◆ **What the task asks**: Reproduce the opening lines of the records exactly, up to and including the line in which "Mirror With Seaglas" occurs.

(Web page caption snippets)
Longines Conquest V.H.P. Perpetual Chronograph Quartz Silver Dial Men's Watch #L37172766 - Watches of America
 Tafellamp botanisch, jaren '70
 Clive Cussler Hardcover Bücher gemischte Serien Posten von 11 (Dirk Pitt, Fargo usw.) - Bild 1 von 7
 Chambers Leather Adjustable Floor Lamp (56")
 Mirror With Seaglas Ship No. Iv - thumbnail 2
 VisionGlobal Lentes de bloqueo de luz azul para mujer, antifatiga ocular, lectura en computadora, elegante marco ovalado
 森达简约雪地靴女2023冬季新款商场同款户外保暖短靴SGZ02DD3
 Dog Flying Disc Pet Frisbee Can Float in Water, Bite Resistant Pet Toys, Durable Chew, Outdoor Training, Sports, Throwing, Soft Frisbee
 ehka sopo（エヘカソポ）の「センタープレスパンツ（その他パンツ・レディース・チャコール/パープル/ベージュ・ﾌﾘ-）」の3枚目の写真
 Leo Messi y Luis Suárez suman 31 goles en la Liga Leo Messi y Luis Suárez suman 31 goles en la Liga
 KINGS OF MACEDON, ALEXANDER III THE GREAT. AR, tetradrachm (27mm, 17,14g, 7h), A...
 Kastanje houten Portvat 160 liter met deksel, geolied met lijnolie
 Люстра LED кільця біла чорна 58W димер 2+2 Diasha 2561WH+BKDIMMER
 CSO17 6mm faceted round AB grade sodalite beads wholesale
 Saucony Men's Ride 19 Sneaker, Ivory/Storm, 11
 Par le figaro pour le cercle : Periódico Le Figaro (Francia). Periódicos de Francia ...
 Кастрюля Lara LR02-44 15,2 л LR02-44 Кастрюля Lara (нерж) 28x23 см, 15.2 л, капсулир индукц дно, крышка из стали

◆ **Answer for the task**:
Longines Conquest V.H.P. Perpetual Chronograph Quartz Silver Dial Men's Watch #L37172766 - Watches of America
 Tafellamp botanisch, jaren '70
 Clive Cussler Hardcover Bücher gemischte Serien Posten von 11 (Dirk Pitt, Fargo usw.) - Bild 1 von 7
 Chambers Leather Adjustable Floor Lamp (56")
 Mirror With Seaglas Ship No. Iv - thumbnail 2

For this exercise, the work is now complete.